GIVEN RECORDS section start

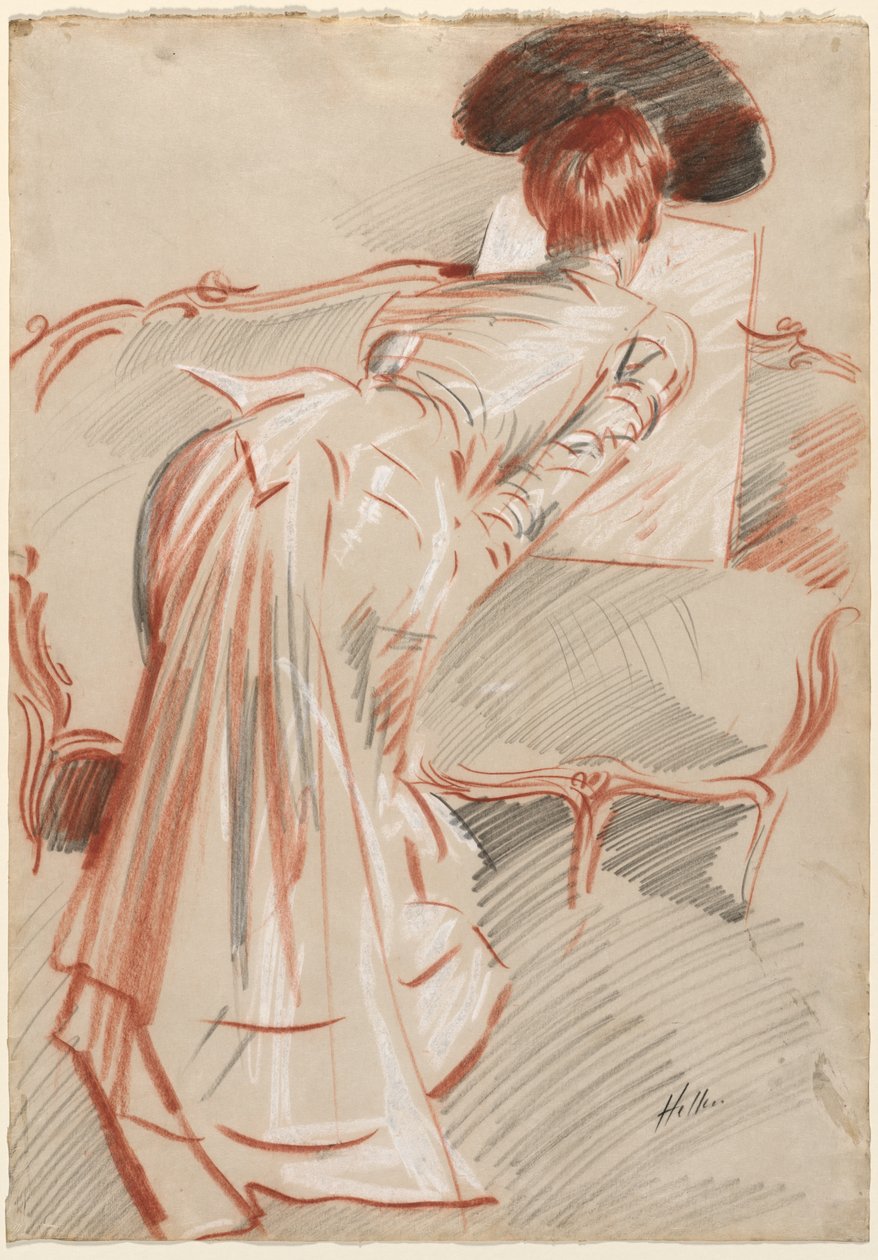 Mulher Possivelmente Madame Alice Hellu Olhando para um Desenho, c. 1895 de Paul Cesar Helleu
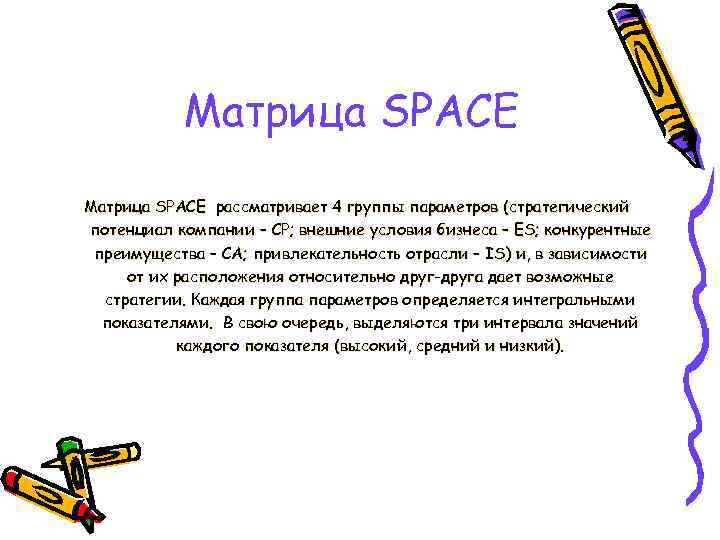 Матрица SPACE рассматривает 4 группы параметров (стратегический потенциал компании – CP; внешние условия бизнеса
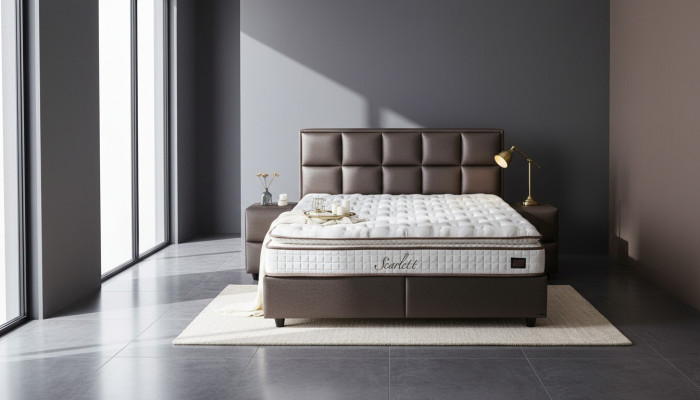 Leather bed, 2 nightstands, 3-piece bedroom set, modern quality furniture, new beds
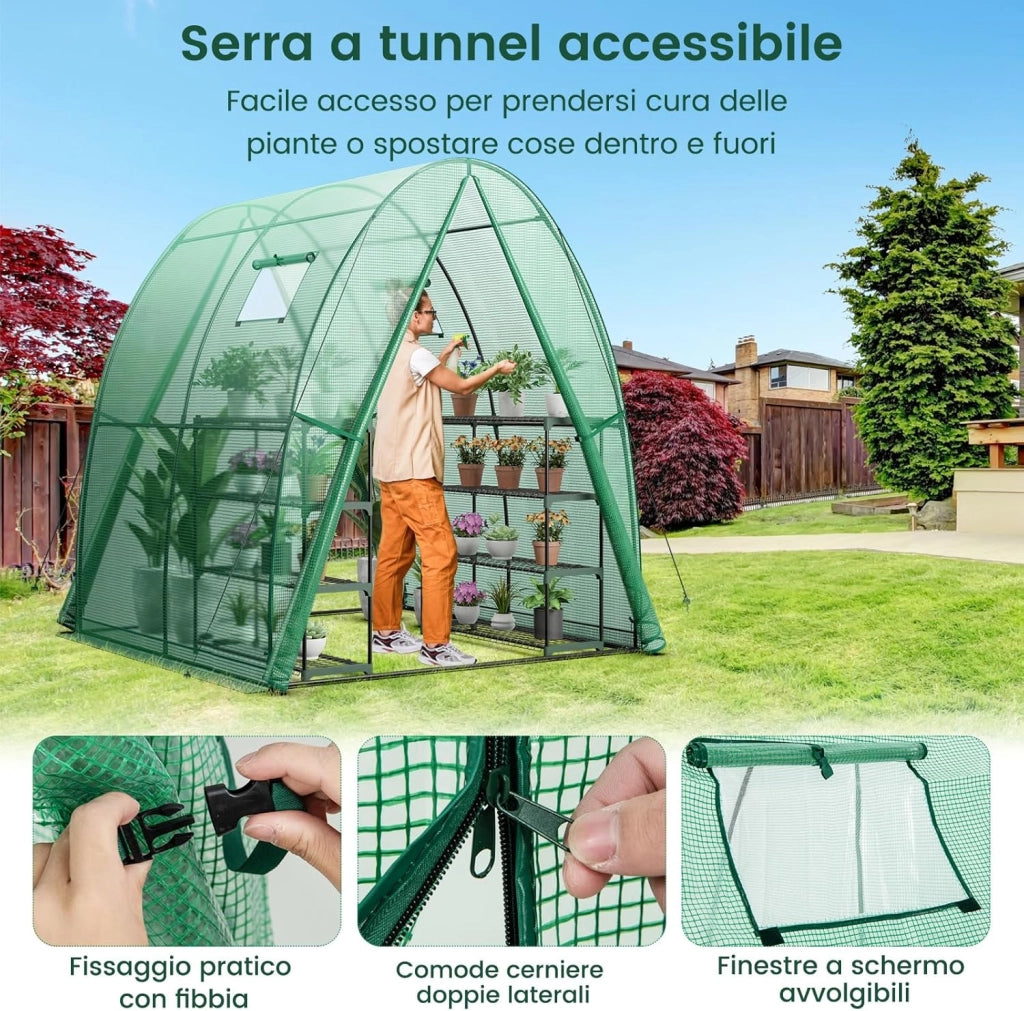 Serra da Giardino 181 x 181 x 200 CM, Serra a Tunnel da Esterno con 2 Porte con Zip, 2 Finestre, Copertura in PE Impermeabile e Tasche Laterali, Serra Invernale per Giardino (Verde)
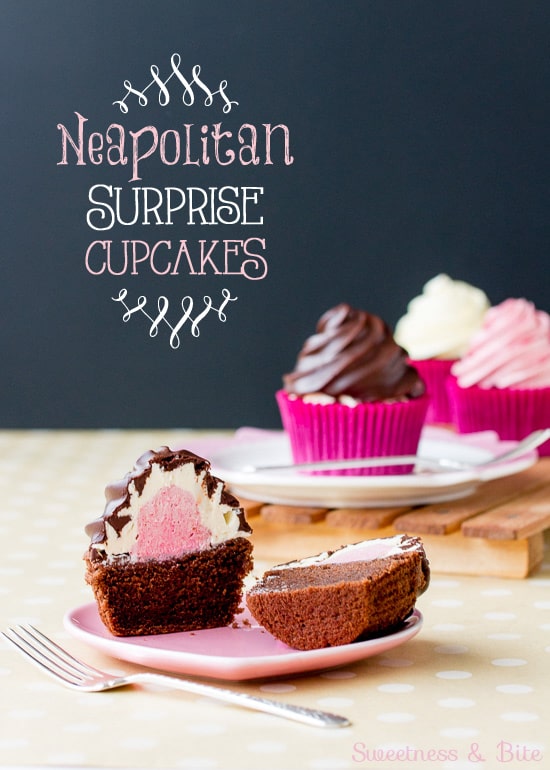 Neapolitan Surprise Cupcakes ~ Sweetness & Bite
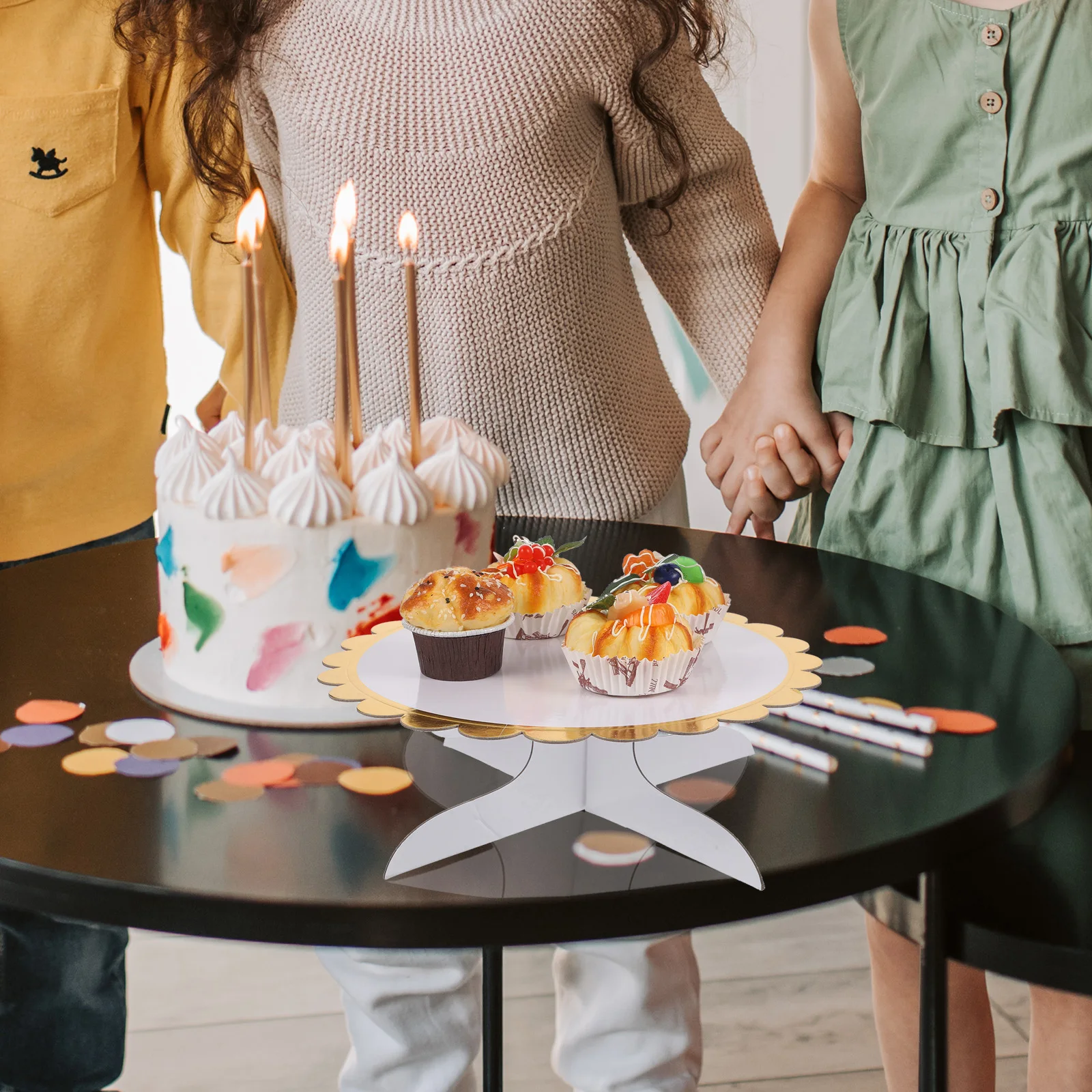 

Elegant Paper Cake Stand Large Capacity Round Shape for Bridal Shower Thanksgiving Dessert Display Stand Multi-Use Cupcake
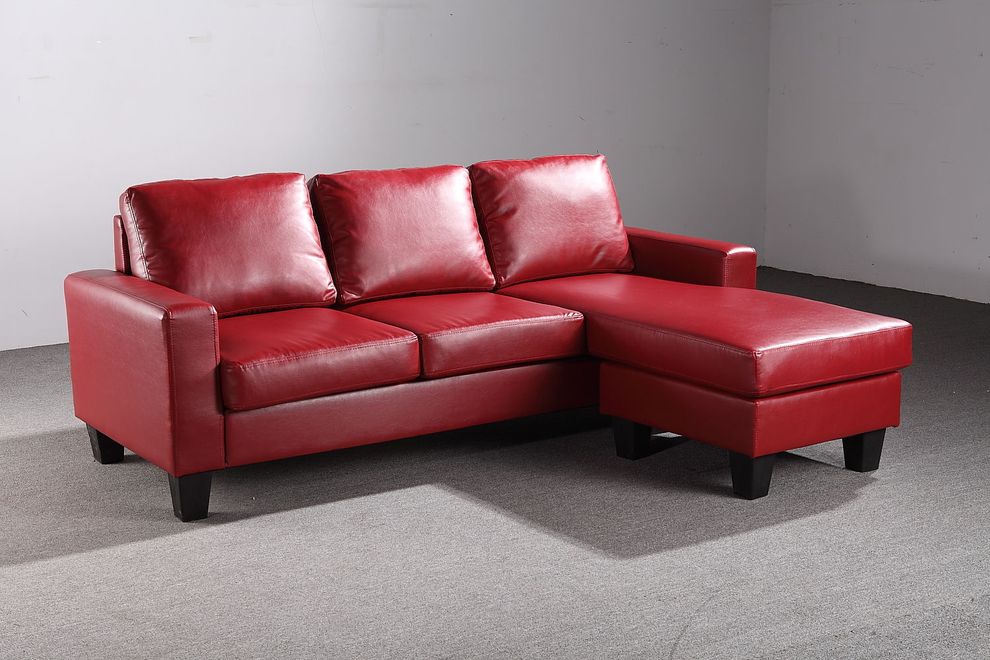 Affordable small sectional in red faux leather by Glory
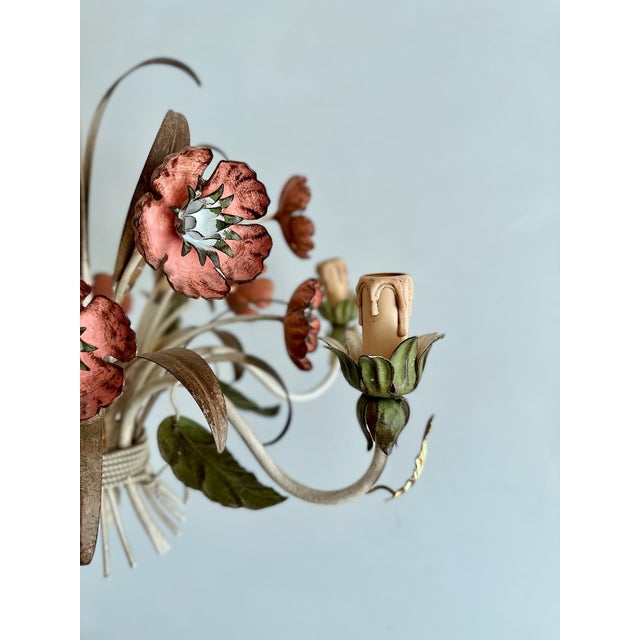 Vintage Passeri Florentine Floral Chandelier in Hand-Painted Wrought Iron, Italy, 1960s For Sale - Image 4 of 15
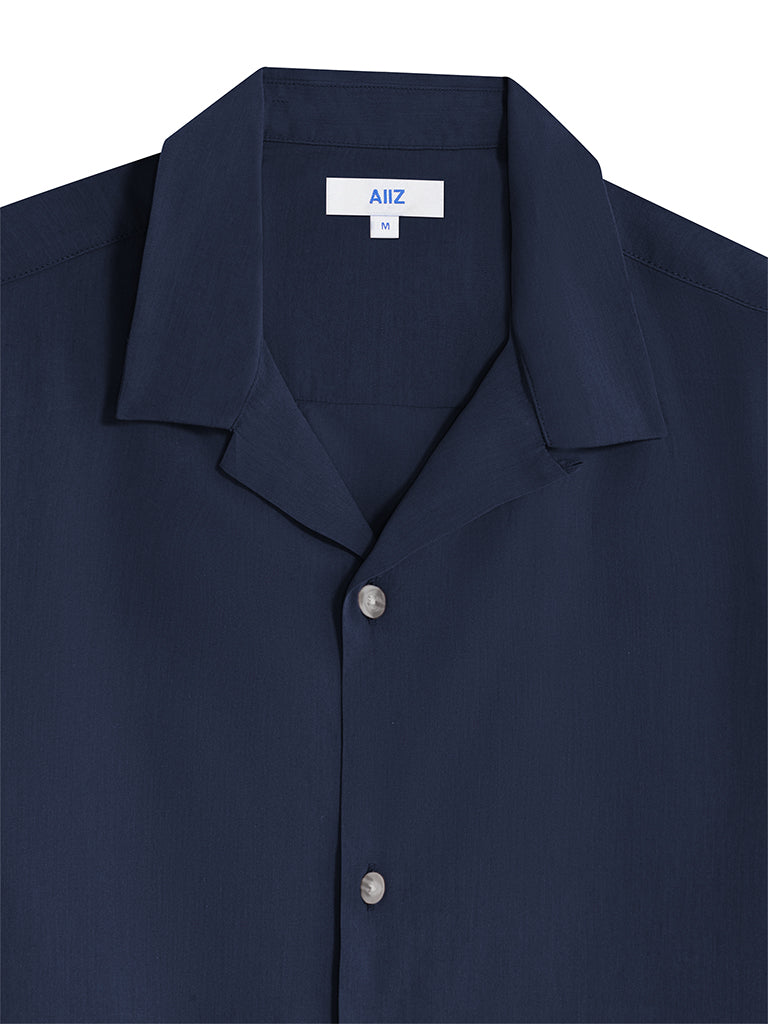 Men's Camp Collar Shorts Sleeve Cotton Shirt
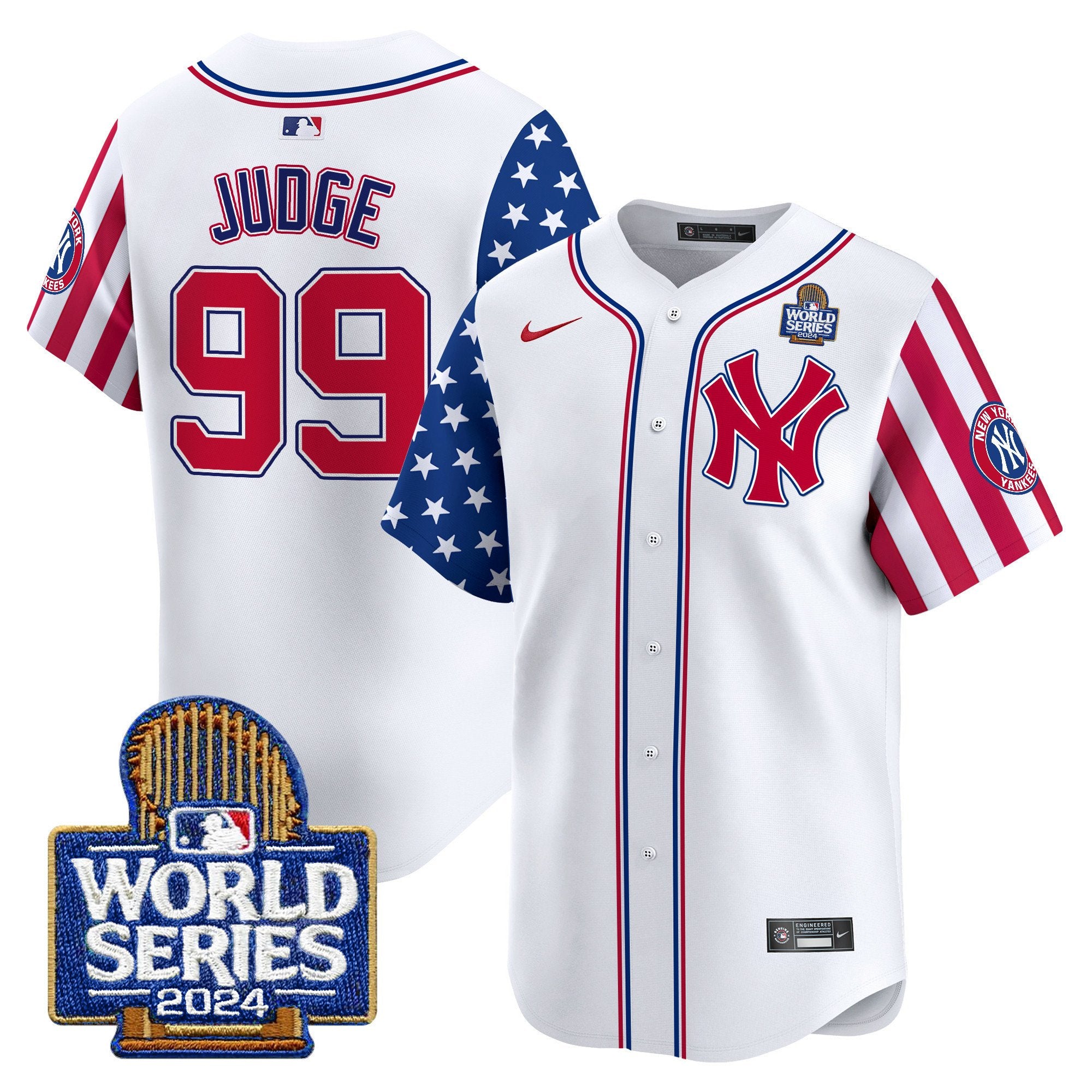 Men's Yankees American Style 2024 World Series Vapor Premier Limited Jersey V2 - All Stitched - White, Aaron Judge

GIVEN RECORDS section end

PROBLEM: Reproduce exactly, and only, the lines from the opening line of the listing above through the line holding "Affordable small sectional", minus the pictures.

SOLVED PROBLEM:
 Mulher Possivelmente Madame Alice Hellu Olhando para um Desenho, c. 1895 de Paul Cesar Helleu
 Матрица SPACE рассматривает 4 группы параметров (стратегический потенциал компании – CP; внешние условия бизнеса
 Leather bed, 2 nightstands, 3-piece bedroom set, modern quality furniture, new beds
 Serra da Giardino 181 x 181 x 200 CM, Serra a Tunnel da Esterno con 2 Porte con Zip, 2 Finestre, Copertura in PE Impermeabile e Tasche Laterali, Serra Invernale per Giardino (Verde)
 Neapolitan Surprise Cupcakes ~ Sweetness & Bite

Elegant Paper Cake Stand Large Capacity Round Shape for Bridal Shower Thanksgiving Dessert Display Stand Multi-Use Cupcake
 Affordable small sectional in red faux leather by Glory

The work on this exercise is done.